Name of the Patient : Abc XyzJ. Glmn / F / 12 yrs.
Referred by : Dr. Abc Xyzdar.
Examination : M.R.I. of the Lumbo-sacral Spine.

CLINICAL PROFILE :

C/O swelling in the lumbo-sacral region since birth. Operated upon on 00.00.00. Histopathology s/o ? fibrolipoma, ? infundibular cyst.
On 00.00.00, excision of an intradural lesion at the L4 and L5 levels was done.
For follow-up.

EXAMINATION :

M.R.I of the lumbo-sacral spine was performed using the following parameters :

5 mm thick T1 Weighted and T2 Weighted sagittal images.
5 mm thick T1 Weighted and T2 Weighted axial images.
5 mm thick T1 Weighted coronal images.

OBSERVATION :

There is evidence of an open lumbo-sacral canal over the L2 to S2 vertebral levels. Susceptibility artifacts at the S1 vertebral level to the left of the midline, may be the sequelae of previous surgery. There is slight hypertrophy of the laminae at the L4 and L5 vertebral levels which may also be the sequelae of previous surgery.

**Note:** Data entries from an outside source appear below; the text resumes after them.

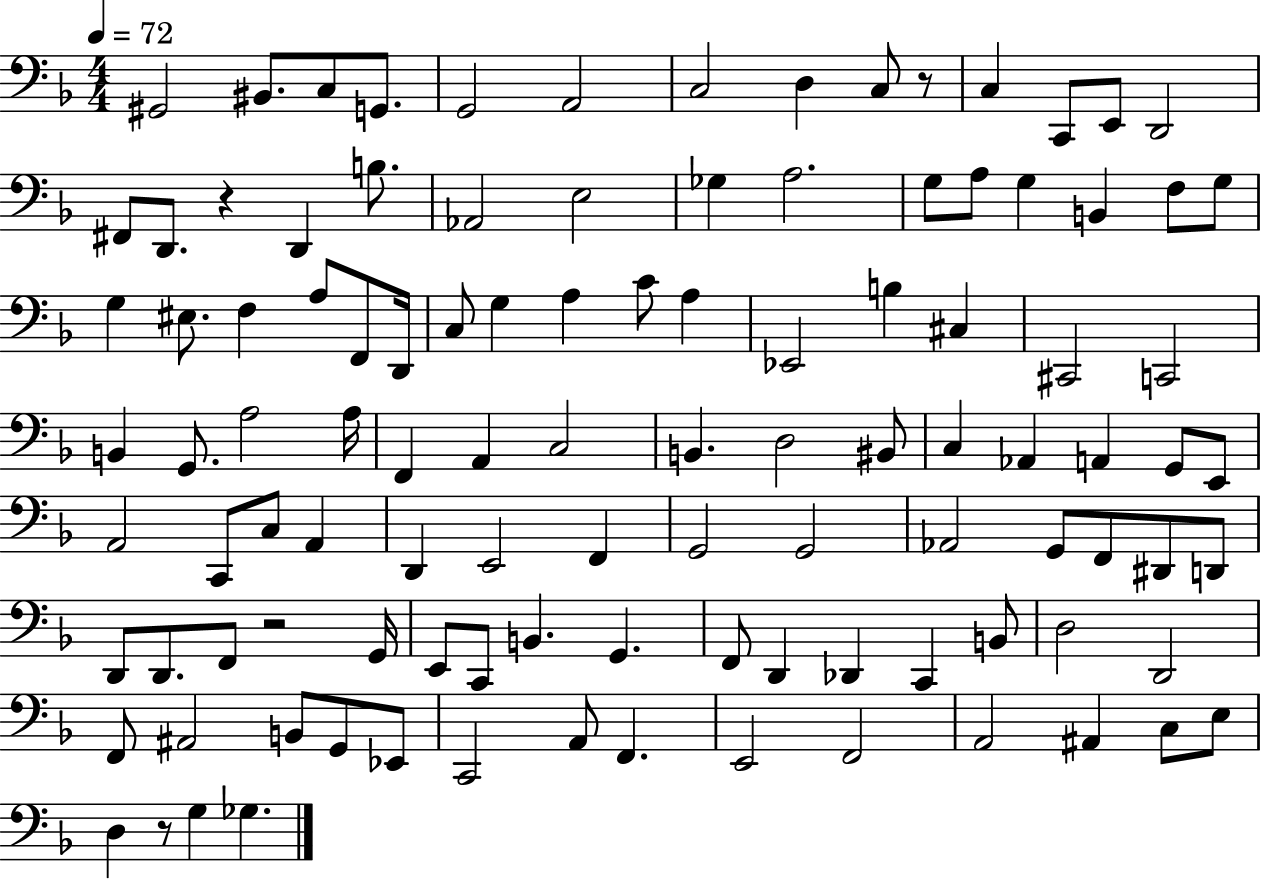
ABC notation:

X:1
T:Untitled
M:4/4
L:1/4
K:F
^G,,2 ^B,,/2 C,/2 G,,/2 G,,2 A,,2 C,2 D, C,/2 z/2 C, C,,/2 E,,/2 D,,2 ^F,,/2 D,,/2 z D,, B,/2 _A,,2 E,2 _G, A,2 G,/2 A,/2 G, B,, F,/2 G,/2 G, ^E,/2 F, A,/2 F,,/2 D,,/4 C,/2 G, A, C/2 A, _E,,2 B, ^C, ^C,,2 C,,2 B,, G,,/2 A,2 A,/4 F,, A,, C,2 B,, D,2 ^B,,/2 C, _A,, A,, G,,/2 E,,/2 A,,2 C,,/2 C,/2 A,, D,, E,,2 F,, G,,2 G,,2 _A,,2 G,,/2 F,,/2 ^D,,/2 D,,/2 D,,/2 D,,/2 F,,/2 z2 G,,/4 E,,/2 C,,/2 B,, G,, F,,/2 D,, _D,, C,, B,,/2 D,2 D,,2 F,,/2 ^A,,2 B,,/2 G,,/2 _E,,/2 C,,2 A,,/2 F,, E,,2 F,,2 A,,2 ^A,, C,/2 E,/2 D, z/2 G, _G,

There is seen an intradural fat signal intensity lesion on all pulse sequences along the left lateral and posterior margin of the lower spinal cord over the L3-L4 disc level upto the L5 vertebral level. This lesion represents an intradural lipoma. The posterior margin of the spinal cord is most likely adhered to this lipoma.

The lower spinal cord appears slightly irregular and the intrathecal nerve roots appear clumped. The tip of the conus medullaris terminates at about the L5-S1 disc level. ..2/.

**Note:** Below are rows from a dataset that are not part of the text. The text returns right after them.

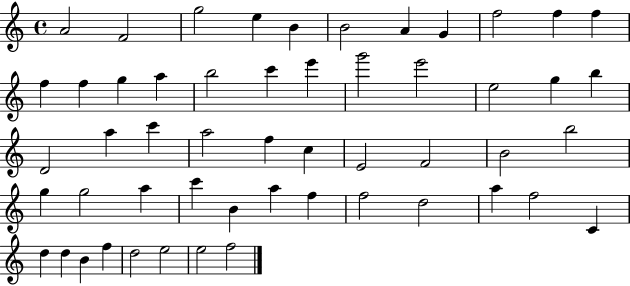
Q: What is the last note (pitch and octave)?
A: F5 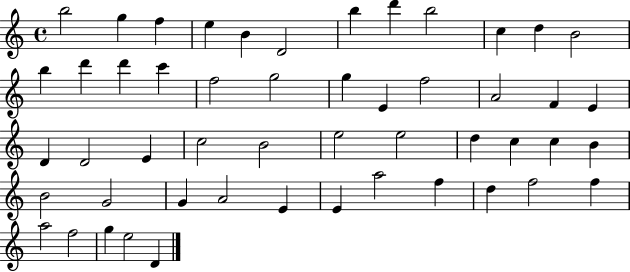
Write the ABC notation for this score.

X:1
T:Untitled
M:4/4
L:1/4
K:C
b2 g f e B D2 b d' b2 c d B2 b d' d' c' f2 g2 g E f2 A2 F E D D2 E c2 B2 e2 e2 d c c B B2 G2 G A2 E E a2 f d f2 f a2 f2 g e2 D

The distal spinal cord over the L3 to L5 vertebral levels shows evidence of a deep ventral commissure.

Scalloping of the posterior margins of the lumbar vertebrae is noted with probable dural ectasia in the lower lumbar region.

The lumbar vertebral bodies and intervertebral discs reveal normal signal intensity. The visualized pre and paravertebral soft tissues are unremarkable.

IMPRESSION :

The patient is a known C/O spinal dysraphism with an open lumbo-sacral canal, intradural lipoma and a tethered cord as described. The patient is status post-operative for an intradural epidermoid tumor.

As compared to the previous MRI dated 00.00.00 (study no.00001), the previously identified residual intradural epidermoid tumor is not identified on the present study. Slight irregularity of the lower spinal cord is noted over L3 to L5 levels as described.